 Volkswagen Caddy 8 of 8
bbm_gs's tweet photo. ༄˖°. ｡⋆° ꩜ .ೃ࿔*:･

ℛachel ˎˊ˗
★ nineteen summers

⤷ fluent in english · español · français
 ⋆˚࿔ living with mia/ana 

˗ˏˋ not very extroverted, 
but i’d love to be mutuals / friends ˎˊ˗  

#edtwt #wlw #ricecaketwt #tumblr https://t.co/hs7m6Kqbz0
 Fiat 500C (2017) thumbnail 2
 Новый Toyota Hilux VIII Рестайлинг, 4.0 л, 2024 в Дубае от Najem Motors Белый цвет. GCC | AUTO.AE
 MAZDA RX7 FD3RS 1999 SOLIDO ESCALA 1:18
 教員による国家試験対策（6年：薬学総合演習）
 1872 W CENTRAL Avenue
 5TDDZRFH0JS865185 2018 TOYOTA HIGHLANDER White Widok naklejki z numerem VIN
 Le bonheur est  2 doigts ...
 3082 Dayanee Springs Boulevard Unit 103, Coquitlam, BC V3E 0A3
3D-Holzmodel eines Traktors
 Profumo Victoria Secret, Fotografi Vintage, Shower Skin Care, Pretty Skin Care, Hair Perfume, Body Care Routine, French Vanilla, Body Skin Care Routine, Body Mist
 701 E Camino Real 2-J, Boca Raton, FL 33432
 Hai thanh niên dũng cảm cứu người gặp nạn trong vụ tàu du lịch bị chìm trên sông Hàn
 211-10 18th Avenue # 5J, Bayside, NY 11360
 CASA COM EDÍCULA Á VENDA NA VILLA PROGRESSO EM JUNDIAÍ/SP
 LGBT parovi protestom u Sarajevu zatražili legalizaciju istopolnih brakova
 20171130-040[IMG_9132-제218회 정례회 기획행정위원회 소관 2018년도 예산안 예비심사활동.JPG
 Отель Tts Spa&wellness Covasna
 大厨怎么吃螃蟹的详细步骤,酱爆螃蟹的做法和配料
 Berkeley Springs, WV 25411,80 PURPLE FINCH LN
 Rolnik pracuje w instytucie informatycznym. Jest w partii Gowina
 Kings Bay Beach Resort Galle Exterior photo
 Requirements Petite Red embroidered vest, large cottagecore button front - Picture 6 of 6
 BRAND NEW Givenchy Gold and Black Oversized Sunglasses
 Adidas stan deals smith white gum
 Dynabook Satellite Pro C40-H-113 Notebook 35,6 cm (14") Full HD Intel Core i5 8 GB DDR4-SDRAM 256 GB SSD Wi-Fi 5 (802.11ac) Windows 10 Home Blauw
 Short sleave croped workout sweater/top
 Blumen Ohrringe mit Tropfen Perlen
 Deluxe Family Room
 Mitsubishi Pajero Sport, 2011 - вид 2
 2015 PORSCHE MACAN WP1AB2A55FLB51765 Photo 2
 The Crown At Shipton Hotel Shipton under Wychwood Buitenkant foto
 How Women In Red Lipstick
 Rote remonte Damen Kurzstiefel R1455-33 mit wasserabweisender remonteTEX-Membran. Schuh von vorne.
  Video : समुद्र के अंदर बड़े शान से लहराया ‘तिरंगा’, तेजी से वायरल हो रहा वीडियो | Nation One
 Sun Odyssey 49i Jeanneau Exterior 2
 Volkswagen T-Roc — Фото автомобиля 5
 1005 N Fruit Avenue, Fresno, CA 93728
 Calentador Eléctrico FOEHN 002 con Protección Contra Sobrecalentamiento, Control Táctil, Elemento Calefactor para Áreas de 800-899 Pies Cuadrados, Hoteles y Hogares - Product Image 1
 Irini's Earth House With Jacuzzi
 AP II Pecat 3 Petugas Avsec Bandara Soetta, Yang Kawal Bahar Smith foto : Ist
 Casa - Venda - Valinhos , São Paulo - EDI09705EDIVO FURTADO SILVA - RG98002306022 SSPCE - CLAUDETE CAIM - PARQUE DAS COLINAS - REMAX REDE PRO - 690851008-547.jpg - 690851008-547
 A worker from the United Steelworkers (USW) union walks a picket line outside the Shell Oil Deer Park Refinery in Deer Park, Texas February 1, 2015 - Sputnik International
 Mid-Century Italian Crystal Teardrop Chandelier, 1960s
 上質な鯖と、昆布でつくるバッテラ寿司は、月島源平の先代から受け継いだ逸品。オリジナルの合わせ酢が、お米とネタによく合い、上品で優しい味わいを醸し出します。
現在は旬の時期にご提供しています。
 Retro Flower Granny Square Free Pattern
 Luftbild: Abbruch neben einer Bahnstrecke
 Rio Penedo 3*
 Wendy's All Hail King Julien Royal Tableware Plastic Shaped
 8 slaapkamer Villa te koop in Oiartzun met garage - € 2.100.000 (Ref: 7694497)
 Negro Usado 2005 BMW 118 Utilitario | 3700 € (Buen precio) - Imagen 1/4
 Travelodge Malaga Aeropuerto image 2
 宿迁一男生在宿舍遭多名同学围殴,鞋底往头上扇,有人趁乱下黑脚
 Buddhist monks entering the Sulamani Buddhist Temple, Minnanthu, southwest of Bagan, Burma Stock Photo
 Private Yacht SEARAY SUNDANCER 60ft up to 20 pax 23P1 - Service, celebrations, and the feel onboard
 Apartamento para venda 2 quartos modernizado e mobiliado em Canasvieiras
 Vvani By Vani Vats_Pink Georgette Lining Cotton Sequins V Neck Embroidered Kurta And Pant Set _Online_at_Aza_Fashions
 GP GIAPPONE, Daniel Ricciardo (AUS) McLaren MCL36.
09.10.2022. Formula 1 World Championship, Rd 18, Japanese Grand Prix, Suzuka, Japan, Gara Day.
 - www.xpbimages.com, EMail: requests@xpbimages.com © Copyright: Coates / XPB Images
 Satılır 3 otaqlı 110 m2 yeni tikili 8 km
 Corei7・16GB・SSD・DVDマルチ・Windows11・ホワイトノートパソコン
-----
- _What you will do_
What you return should be the records above, repeated exactly.

- _Task response_
 Volkswagen Caddy 8 of 8
bbm_gs's tweet photo. ༄˖°. ｡⋆° ꩜ .ೃ࿔*:･

ℛachel ˎˊ˗
★ nineteen summers

⤷ fluent in english · español · français
 ⋆˚࿔ living with mia/ana 

˗ˏˋ not very extroverted, 
but i’d love to be mutuals / friends ˎˊ˗  

#edtwt #wlw #ricecaketwt #tumblr https://t.co/hs7m6Kqbz0
 Fiat 500C (2017) thumbnail 2
 Новый Toyota Hilux VIII Рестайлинг, 4.0 л, 2024 в Дубае от Najem Motors Белый цвет. GCC | AUTO.AE
 MAZDA RX7 FD3RS 1999 SOLIDO ESCALA 1:18
 教員による国家試験対策（6年：薬学総合演習）
 1872 W CENTRAL Avenue
 5TDDZRFH0JS865185 2018 TOYOTA HIGHLANDER White Widok naklejki z numerem VIN
 Le bonheur est  2 doigts ...
 3082 Dayanee Springs Boulevard Unit 103, Coquitlam, BC V3E 0A3
3D-Holzmodel eines Traktors
 Profumo Victoria Secret, Fotografi Vintage, Shower Skin Care, Pretty Skin Care, Hair Perfume, Body Care Routine, French Vanilla, Body Skin Care Routine, Body Mist
 701 E Camino Real 2-J, Boca Raton, FL 33432
 Hai thanh niên dũng cảm cứu người gặp nạn trong vụ tàu du lịch bị chìm trên sông Hàn
 211-10 18th Avenue # 5J, Bayside, NY 11360
 CASA COM EDÍCULA Á VENDA NA VILLA PROGRESSO EM JUNDIAÍ/SP
 LGBT parovi protestom u Sarajevu zatražili legalizaciju istopolnih brakova
 20171130-040[IMG_9132-제218회 정례회 기획행정위원회 소관 2018년도 예산안 예비심사활동.JPG
 Отель Tts Spa&wellness Covasna
 大厨怎么吃螃蟹的详细步骤,酱爆螃蟹的做法和配料
 Berkeley Springs, WV 25411,80 PURPLE FINCH LN
 Rolnik pracuje w instytucie informatycznym. Jest w partii Gowina
 Kings Bay Beach Resort Galle Exterior photo
 Requirements Petite Red embroidered vest, large cottagecore button front - Picture 6 of 6
 BRAND NEW Givenchy Gold and Black Oversized Sunglasses
 Adidas stan deals smith white gum
 Dynabook Satellite Pro C40-H-113 Notebook 35,6 cm (14") Full HD Intel Core i5 8 GB DDR4-SDRAM 256 GB SSD Wi-Fi 5 (802.11ac) Windows 10 Home Blauw
 Short sleave croped workout sweater/top
 Blumen Ohrringe mit Tropfen Perlen
 Deluxe Family Room
 Mitsubishi Pajero Sport, 2011 - вид 2
 2015 PORSCHE MACAN WP1AB2A55FLB51765 Photo 2
 The Crown At Shipton Hotel Shipton under Wychwood Buitenkant foto
 How Women In Red Lipstick
 Rote remonte Damen Kurzstiefel R1455-33 mit wasserabweisender remonteTEX-Membran. Schuh von vorne.
  Video : समुद्र के अंदर बड़े शान से लहराया ‘तिरंगा’, तेजी से वायरल हो रहा वीडियो | Nation One
 Sun Odyssey 49i Jeanneau Exterior 2
 Volkswagen T-Roc — Фото автомобиля 5
 1005 N Fruit Avenue, Fresno, CA 93728
 Calentador Eléctrico FOEHN 002 con Protección Contra Sobrecalentamiento, Control Táctil, Elemento Calefactor para Áreas de 800-899 Pies Cuadrados, Hoteles y Hogares - Product Image 1
 Irini's Earth House With Jacuzzi
 AP II Pecat 3 Petugas Avsec Bandara Soetta, Yang Kawal Bahar Smith foto : Ist
 Casa - Venda - Valinhos , São Paulo - EDI09705EDIVO FURTADO SILVA - RG98002306022 SSPCE - CLAUDETE CAIM - PARQUE DAS COLINAS - REMAX REDE PRO - 690851008-547.jpg - 690851008-547
 A worker from the United Steelworkers (USW) union walks a picket line outside the Shell Oil Deer Park Refinery in Deer Park, Texas February 1, 2015 - Sputnik International
 Mid-Century Italian Crystal Teardrop Chandelier, 1960s
 上質な鯖と、昆布でつくるバッテラ寿司は、月島源平の先代から受け継いだ逸品。オリジナルの合わせ酢が、お米とネタによく合い、上品で優しい味わいを醸し出します。
現在は旬の時期にご提供しています。
 Retro Flower Granny Square Free Pattern
 Luftbild: Abbruch neben einer Bahnstrecke
 Rio Penedo 3*
 Wendy's All Hail King Julien Royal Tableware Plastic Shaped
 8 slaapkamer Villa te koop in Oiartzun met garage - € 2.100.000 (Ref: 7694497)
 Negro Usado 2005 BMW 118 Utilitario | 3700 € (Buen precio) - Imagen 1/4
 Travelodge Malaga Aeropuerto image 2
 宿迁一男生在宿舍遭多名同学围殴,鞋底往头上扇,有人趁乱下黑脚
 Buddhist monks entering the Sulamani Buddhist Temple, Minnanthu, southwest of Bagan, Burma Stock Photo
 Private Yacht SEARAY SUNDANCER 60ft up to 20 pax 23P1 - Service, celebrations, and the feel onboard
 Apartamento para venda 2 quartos modernizado e mobiliado em Canasvieiras
 Vvani By Vani Vats_Pink Georgette Lining Cotton Sequins V Neck Embroidered Kurta And Pant Set _Online_at_Aza_Fashions
 GP GIAPPONE, Daniel Ricciardo (AUS) McLaren MCL36.
09.10.2022. Formula 1 World Championship, Rd 18, Japanese Grand Prix, Suzuka, Japan, Gara Day.
 - www.xpbimages.com, EMail: requests@xpbimages.com © Copyright: Coates / XPB Images
 Satılır 3 otaqlı 110 m2 yeni tikili 8 km
 Corei7・16GB・SSD・DVDマルチ・Windows11・ホワイトノートパソコン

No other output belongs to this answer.